**Task to complete**
From the line with "秀人集.com_[HuaYa" through the line with "rey emperador' Cuerpo", inclusive, return each line of the data below exactly and leave the rest out.

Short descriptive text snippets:
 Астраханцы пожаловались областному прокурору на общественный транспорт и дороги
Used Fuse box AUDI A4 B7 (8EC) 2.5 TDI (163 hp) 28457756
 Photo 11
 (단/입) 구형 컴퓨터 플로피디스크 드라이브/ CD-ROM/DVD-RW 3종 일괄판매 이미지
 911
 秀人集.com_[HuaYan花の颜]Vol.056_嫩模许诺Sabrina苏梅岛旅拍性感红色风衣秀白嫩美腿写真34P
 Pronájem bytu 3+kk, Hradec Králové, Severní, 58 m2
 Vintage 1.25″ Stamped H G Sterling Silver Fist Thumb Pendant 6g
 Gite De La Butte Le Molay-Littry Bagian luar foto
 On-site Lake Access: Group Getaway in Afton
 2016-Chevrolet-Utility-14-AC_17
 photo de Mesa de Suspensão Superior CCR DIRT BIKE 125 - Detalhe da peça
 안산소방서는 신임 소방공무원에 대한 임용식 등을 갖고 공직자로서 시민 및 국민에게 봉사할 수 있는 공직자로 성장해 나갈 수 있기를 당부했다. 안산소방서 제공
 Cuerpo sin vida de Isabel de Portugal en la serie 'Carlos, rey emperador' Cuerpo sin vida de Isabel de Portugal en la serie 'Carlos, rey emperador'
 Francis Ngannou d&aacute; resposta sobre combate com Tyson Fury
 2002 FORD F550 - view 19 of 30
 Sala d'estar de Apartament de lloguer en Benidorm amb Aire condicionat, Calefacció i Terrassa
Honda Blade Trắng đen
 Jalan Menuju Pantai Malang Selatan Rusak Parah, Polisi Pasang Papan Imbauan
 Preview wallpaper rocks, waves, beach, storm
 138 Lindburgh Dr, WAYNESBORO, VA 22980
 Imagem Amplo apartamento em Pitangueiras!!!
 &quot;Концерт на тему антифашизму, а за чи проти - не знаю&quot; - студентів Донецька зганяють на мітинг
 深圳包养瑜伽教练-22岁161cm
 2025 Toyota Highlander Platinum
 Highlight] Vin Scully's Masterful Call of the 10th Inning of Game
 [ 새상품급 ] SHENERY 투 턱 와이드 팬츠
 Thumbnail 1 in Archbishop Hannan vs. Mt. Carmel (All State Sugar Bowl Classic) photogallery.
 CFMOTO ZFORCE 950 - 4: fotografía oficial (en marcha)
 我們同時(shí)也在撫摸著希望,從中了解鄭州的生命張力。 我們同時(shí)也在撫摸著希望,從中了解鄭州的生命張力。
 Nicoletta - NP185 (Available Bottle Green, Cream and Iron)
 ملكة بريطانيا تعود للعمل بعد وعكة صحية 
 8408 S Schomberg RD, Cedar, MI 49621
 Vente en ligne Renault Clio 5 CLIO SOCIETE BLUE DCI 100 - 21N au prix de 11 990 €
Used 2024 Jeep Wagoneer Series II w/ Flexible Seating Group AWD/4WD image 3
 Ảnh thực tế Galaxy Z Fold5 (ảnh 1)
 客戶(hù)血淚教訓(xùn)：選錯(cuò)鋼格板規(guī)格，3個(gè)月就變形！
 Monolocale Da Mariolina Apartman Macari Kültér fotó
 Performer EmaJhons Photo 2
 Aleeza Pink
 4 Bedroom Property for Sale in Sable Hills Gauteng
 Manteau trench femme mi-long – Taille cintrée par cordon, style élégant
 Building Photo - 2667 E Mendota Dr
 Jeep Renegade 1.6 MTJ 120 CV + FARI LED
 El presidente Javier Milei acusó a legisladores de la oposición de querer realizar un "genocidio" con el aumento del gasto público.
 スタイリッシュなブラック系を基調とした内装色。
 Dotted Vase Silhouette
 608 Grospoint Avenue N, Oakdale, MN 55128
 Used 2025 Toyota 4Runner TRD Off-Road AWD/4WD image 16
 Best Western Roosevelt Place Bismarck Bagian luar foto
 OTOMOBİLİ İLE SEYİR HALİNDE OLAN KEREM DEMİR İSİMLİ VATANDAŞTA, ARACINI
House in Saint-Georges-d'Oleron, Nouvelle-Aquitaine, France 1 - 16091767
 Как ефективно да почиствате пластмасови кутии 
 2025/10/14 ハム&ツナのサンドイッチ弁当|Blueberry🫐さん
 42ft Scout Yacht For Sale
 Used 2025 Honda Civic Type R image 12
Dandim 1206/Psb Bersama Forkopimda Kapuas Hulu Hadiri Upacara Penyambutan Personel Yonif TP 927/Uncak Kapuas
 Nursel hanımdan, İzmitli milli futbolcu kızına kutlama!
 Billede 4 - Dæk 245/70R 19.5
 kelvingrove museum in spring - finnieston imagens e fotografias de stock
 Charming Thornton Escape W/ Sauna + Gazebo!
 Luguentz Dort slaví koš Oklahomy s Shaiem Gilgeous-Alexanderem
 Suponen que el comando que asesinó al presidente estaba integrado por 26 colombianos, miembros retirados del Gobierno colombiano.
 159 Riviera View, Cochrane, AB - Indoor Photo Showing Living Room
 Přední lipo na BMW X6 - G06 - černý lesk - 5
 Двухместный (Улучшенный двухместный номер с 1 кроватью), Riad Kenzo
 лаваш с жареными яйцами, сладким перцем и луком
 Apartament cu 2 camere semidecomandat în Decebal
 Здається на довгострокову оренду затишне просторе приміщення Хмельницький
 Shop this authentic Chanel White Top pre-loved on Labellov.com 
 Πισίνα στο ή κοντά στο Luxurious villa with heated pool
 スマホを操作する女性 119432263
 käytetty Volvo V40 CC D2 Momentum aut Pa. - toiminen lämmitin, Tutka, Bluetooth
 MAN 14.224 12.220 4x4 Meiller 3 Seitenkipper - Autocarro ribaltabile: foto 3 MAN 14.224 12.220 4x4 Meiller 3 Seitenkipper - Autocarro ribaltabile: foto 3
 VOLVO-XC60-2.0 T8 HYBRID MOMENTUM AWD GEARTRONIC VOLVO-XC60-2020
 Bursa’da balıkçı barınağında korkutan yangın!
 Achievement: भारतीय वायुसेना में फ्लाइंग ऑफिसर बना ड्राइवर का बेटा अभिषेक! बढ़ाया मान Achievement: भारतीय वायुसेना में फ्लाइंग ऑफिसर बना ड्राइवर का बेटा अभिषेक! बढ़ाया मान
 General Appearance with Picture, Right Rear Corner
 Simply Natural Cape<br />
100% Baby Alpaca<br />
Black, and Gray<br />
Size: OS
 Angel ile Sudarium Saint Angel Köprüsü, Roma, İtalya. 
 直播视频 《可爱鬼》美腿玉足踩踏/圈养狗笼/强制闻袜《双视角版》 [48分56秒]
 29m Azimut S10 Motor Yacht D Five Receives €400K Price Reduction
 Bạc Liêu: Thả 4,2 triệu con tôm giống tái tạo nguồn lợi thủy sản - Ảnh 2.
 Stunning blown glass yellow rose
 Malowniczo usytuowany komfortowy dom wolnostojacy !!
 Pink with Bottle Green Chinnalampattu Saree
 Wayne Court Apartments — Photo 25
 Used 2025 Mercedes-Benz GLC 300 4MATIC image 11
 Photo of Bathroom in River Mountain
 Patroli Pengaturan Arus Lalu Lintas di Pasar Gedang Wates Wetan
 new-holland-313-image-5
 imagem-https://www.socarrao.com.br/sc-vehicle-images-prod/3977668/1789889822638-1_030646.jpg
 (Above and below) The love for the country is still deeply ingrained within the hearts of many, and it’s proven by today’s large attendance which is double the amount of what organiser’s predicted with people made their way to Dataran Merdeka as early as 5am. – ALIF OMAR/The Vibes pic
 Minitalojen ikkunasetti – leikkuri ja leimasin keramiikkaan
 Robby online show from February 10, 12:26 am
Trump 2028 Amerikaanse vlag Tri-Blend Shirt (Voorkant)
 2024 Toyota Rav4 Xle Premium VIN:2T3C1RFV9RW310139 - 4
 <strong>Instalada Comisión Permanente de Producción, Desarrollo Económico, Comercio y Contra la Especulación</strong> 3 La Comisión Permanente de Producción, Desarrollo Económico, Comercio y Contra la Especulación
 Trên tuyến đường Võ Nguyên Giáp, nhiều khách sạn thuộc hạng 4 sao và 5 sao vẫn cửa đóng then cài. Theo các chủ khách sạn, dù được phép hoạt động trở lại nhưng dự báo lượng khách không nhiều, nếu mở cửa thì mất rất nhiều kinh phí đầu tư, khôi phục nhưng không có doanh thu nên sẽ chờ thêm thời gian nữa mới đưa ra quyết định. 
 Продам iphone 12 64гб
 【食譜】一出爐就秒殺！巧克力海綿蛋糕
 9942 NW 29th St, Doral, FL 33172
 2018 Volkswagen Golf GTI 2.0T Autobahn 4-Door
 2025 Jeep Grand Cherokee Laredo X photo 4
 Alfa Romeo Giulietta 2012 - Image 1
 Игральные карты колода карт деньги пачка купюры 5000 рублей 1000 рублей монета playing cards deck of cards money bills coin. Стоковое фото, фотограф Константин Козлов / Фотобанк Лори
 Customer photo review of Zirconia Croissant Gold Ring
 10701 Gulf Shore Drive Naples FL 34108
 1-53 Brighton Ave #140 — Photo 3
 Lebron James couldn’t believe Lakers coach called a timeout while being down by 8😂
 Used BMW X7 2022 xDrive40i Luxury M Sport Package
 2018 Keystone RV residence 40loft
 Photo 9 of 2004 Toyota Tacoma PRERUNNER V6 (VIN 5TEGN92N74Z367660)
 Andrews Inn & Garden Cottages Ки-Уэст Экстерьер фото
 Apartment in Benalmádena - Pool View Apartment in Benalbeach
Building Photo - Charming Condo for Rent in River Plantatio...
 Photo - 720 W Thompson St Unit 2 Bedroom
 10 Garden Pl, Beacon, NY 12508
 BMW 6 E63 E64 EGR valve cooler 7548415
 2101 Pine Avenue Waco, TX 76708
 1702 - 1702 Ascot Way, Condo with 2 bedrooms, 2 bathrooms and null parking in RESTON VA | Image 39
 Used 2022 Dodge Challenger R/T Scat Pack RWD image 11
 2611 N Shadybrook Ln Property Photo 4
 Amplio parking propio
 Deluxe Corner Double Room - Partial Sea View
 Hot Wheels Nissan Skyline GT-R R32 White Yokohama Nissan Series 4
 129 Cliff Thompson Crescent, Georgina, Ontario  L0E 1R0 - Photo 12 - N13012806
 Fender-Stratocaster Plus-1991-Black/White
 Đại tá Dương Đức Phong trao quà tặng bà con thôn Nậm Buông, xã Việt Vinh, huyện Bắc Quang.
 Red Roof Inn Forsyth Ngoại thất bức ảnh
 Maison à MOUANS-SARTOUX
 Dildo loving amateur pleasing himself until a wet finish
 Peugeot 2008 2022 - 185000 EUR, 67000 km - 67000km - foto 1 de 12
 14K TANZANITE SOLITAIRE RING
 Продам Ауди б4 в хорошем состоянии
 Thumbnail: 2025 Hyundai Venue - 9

**Answer for the task**
 秀人集.com_[HuaYan花の颜]Vol.056_嫩模许诺Sabrina苏梅岛旅拍性感红色风衣秀白嫩美腿写真34P
 Pronájem bytu 3+kk, Hradec Králové, Severní, 58 m2
 Vintage 1.25″ Stamped H G Sterling Silver Fist Thumb Pendant 6g
 Gite De La Butte Le Molay-Littry Bagian luar foto
 On-site Lake Access: Group Getaway in Afton
 2016-Chevrolet-Utility-14-AC_17
 photo de Mesa de Suspensão Superior CCR DIRT BIKE 125 - Detalhe da peça
 안산소방서는 신임 소방공무원에 대한 임용식 등을 갖고 공직자로서 시민 및 국민에게 봉사할 수 있는 공직자로 성장해 나갈 수 있기를 당부했다. 안산소방서 제공
 Cuerpo sin vida de Isabel de Portugal en la serie 'Carlos, rey emperador' Cuerpo sin vida de Isabel de Portugal en la serie 'Carlos, rey emperador'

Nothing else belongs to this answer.